Rahman ve Rahim olan Allah’ın adıyla
Resûlullah(S.a.v) Efendimiz! bir gece teheccüd ile meşgûl idi ve Kur’ân-ı kerîm okuyordu. Nusaybin cinnîlerinden yedi cinnî oraya uğradılar. Resûlullah(S.a.v) Efendimiz'in okuduğu Kur’ân-ı kerîm âyetlerini işitdiler. Bir müddet sonra Nusaybin cinnîlerinden kalabalık bir toplulukla gelip, Mekke'nin yukarısına indiler. Onlardan birisi, Resûlullah(S.a.v) Efendimiz'in huzûruna geldi. Resûlullah(S.a.v) efendimiz eshâbı (r.a.) ile oturuyordu.
Eshâb-ı kirâma (r.a.), kalbinde zerre kadar korku bulunmayan kim benimle gelir buyurdu. Abdüllah bin Mes’ûd (r.a.) ayağa kalkdı ve Resûlullahın(S.a.v) hurma nebiziyle dolu olan matarasını su dolu zan ederek aldı. Birlikde Mekke'nin yukarısına gitdiler.
Resûlullah(S.a.v) efendimiz bir çizgi çizip: Ey Abdüllah, bu çizginin içinden dışarı çıkma ve hiçbir şeyden korkma buyurdu. Abdüllah ibni Mes’ûd (r.a.) şöyle anlatmışdır:
O çizginin içinde oturdum. Uzakda bir topluluk vardı. Resûlullah(S.a.v) onlara yaklaşınca ayağa kalkdılar, hürmet gösterdiler. Resûlullah(S.a.v) sabâha kadar onların arasında kaldı. Sonra benim yanıma geldi ve çok bekledin yâ Abdüllah buyurdu. Nasıl beklemiyeyim ki yâ Resûlallah(S.a.v), Dünyâ ve âhiret se’âdeti senin emrine uymağa bağlıdır, dedim. Sonra o kalabalık arasından iki kişi Resûlullahın(S.a.v) yanına geldi. Resûlullah(S.a.v) onlara niçin geldiniz ki, sizin işinizi hâlletdim, buyurdu. Dediler ki, yâ Resûlallah(S.a.v)! Sabâh namâzını seninle birlikde kılmak istiyoruz, onun için geldik. Bunun üzerine Resûlullah(S.a.v) bana yanında su var mı buyurdu.
Hurma suyu vardır, dedim. Hurma güzeldir, suyu temizdir buyurdu ve onunla abdest aldı. Onlar kimlerdir diye sordum. Nusaybin cinnîleridirler. Müslüman oldular. Ba’zı ihtilâfları vardı. Hâlletdim. Kendilerine yiyecek ta’yîn edilmesini istediler. Kemikleri kendileri için, tezeği de hayvânları için yiyecek olarak bildirdim, buyurdu. Bu hâdiseden sonra kemikle ve tezek ile tahâretlenmeyi yasakladı.

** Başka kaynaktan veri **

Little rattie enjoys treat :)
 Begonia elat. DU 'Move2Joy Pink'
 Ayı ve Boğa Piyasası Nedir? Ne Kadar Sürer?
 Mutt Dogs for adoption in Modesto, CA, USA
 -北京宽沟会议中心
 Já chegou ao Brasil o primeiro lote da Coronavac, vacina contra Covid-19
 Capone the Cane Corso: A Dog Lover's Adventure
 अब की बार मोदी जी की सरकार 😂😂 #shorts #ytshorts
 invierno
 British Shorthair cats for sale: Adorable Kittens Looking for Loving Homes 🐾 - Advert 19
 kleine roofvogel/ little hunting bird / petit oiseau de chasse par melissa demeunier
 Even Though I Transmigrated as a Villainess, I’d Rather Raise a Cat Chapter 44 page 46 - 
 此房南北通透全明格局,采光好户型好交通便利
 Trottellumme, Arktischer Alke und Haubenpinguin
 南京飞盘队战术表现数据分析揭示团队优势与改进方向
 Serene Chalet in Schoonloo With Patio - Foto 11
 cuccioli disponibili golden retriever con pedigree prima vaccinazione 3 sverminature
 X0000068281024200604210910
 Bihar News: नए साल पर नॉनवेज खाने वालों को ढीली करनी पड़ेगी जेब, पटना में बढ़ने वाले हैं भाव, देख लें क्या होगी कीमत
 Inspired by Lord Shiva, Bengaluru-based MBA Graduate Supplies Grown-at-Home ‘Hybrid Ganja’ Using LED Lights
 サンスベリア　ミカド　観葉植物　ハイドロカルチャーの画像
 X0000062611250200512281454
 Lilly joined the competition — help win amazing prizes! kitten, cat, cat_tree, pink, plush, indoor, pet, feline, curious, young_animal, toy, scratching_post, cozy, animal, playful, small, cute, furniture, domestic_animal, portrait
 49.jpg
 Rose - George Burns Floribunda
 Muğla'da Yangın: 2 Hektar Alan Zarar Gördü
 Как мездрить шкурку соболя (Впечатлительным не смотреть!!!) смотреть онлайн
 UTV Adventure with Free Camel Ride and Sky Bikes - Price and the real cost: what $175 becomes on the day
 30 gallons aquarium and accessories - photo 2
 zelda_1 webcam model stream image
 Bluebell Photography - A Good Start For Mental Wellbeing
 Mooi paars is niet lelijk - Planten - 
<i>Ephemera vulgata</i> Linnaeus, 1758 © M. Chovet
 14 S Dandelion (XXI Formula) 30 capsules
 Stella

"Manevi bilgidir. Peygamber efendimiz'in(S.a.v) huzurunda bulunan, cinlerinden bir tanesi nusaybin'de müslüman cinlerin lideri konumunda. halen yaşamaktadır"
Mescid-i Cin’in ilk yapımı 18 Muharrem 1112’de (5 Temmuz 1700) Mekke’ye gelen İbrâhim Ağa adlı mimar tarafından gerçekleştirilmiştir.
Mekke’nin mezarlığı Cennetü’l-muallâ’nın yakınında ve Harem-i şerif’in yaklaşık 2 km. kuzeyinde bulunan şehre hâkim bir tepenin üzerinde yer alır; gece bekçilerinin bu tepede toplanarak nöbet değiştirmelerinin âdet olması sebebiyle “Mescidü’l-hares” adıyla da bilinir.
2000 yılında tamamen yeniden yapılan Mescid-i Cin yer üstündedir ve minareli modern bir cami görünümüyle yakınındaki Cennetü’l-muallâ ile birlikte Mekke’de ziyaret edilen önemli mekânlardan biridir.
Allah CC selamı bereketi Rahmeti üzerinize olsun.